## Exercise objective
Scan the records for "Small". Show the matching lines.

## Given entries

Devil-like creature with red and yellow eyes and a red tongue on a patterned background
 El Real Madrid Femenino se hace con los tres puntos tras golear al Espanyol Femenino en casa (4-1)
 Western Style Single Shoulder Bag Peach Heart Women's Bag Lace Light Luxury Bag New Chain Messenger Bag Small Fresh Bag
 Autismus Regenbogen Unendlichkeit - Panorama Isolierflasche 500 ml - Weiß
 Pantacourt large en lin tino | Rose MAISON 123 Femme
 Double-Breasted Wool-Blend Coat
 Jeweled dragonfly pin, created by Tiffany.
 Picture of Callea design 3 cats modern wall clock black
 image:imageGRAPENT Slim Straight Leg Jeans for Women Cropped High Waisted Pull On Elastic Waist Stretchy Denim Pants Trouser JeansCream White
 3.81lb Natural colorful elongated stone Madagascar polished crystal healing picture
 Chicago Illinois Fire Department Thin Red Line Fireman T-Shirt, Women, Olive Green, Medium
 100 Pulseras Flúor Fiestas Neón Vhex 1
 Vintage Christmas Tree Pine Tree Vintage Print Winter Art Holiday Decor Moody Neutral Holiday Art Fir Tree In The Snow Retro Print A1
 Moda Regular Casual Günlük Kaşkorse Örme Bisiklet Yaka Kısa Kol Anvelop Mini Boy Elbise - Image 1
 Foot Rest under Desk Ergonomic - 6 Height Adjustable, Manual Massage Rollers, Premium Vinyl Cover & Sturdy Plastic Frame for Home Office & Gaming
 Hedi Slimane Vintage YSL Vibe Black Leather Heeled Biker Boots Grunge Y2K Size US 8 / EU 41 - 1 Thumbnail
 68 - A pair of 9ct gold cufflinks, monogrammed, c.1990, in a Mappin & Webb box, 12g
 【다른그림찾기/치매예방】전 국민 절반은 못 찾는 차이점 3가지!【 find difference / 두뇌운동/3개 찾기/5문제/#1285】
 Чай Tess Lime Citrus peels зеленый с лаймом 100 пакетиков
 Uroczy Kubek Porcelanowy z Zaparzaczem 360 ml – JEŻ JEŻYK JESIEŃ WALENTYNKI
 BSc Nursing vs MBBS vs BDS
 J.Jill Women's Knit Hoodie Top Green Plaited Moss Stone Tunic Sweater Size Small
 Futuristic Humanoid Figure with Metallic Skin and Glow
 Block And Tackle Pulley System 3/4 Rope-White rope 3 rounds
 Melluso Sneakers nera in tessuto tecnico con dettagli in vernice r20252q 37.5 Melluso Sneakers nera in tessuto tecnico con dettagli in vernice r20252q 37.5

## Your solution
 Western Style Single Shoulder Bag Peach Heart Women's Bag Lace Light Luxury Bag New Chain Messenger Bag Small Fresh Bag
 J.Jill Women's Knit Hoodie Top Green Plaited Moss Stone Tunic Sweater Size Small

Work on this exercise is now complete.